Vintage Rose

Here at Vintage Rose, we love roses that much we named our company after them. That reminds me of the old Razor adverts ouch!  We grow them, enjoy their scent, dry their petals to make confetti, and crystallise the petals to dress our cakes. It all stems back to when I used to play with my friend Nicola in her garden. We would pick the rose petals and make our very own perfume. Maybe you enjoyed this too as a child. Well, it wasn’t anywhere near as good as Jo Malone’s, but we loved it and it’s always a case of rose tinted spectacles! So do you like the taste or has the overkill in a Turkish delight put you off for life?

Maybe you will try a few recipes that include the star and change how you look at the Rosa.

Rosewater and Rhubarb Preserve

1.2 Kg  Rhubarb, Chopped
400g Caster Sugar
2 Teaspoons of rosewater
2 lemons grated and juice used
125 mls of water

Before you start making the jam. Place a saucer into the freezer to test the jam later. Now wash the jars in warm soapy water and dry thoroughly then place in a low oven for around 20 minutes to sterilise. Now you can start making jam!
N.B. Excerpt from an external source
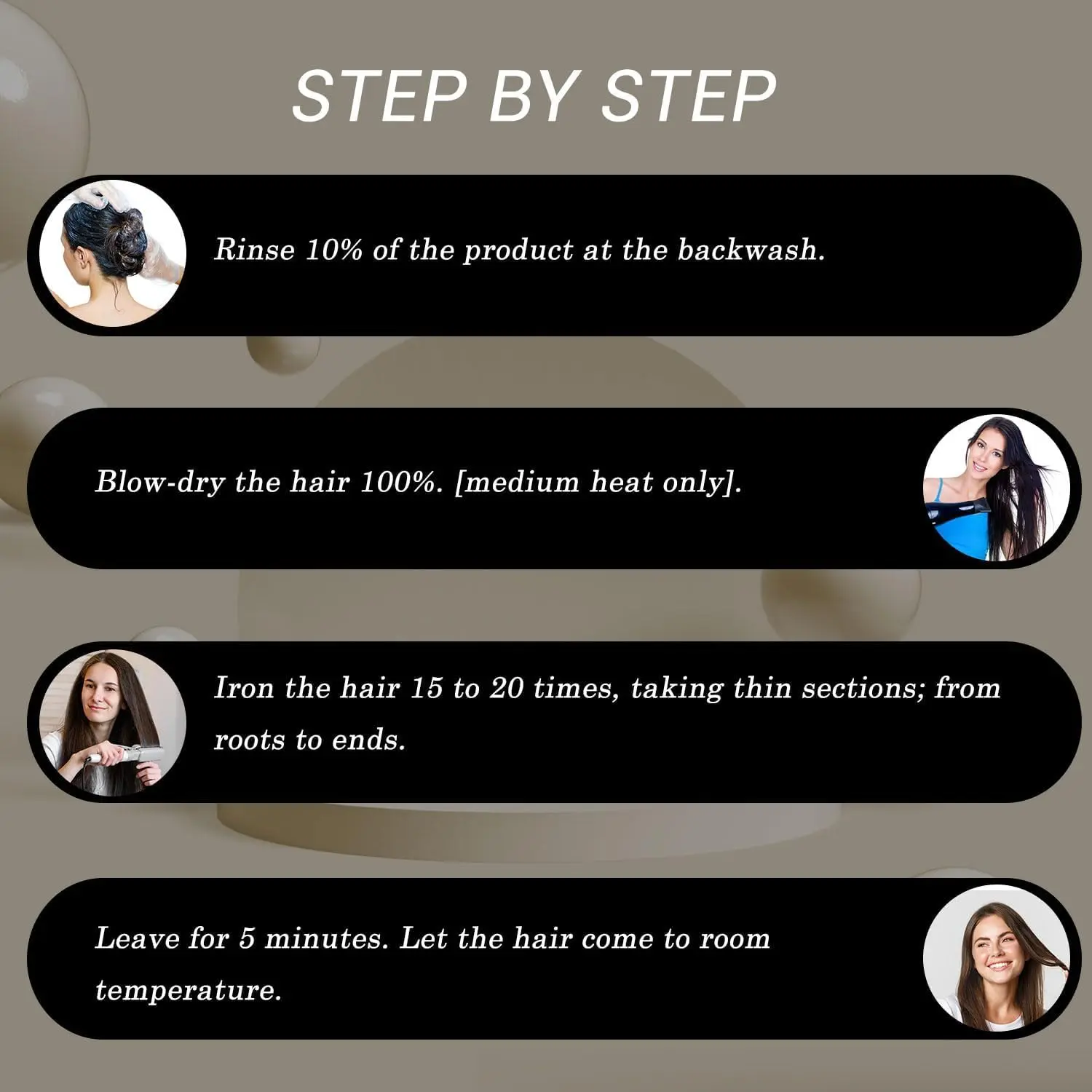 Floractive W One nano protein hair straightening treatment delivers silky smooth, manageable hair with deep moisturization and long-lasting results in just 90 minutes.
Grate the lemons and squeeze out the juice. Put in a pan with the chopped rhubarb (wash and de-string first), add the water. Bring to the boil, stir until it becomes thick. If it seems too runny keep it cooking until the water has evaporated and keep testing the jam to see if it is thick enough to set. I use the saucer method taking a spoonful of jam and placing it onto a saucer in the freezer to set for testing. When the jam is thick enough add the rosewater and pot into sterilised jam jars. Refrigerate until used.  It won’t last long.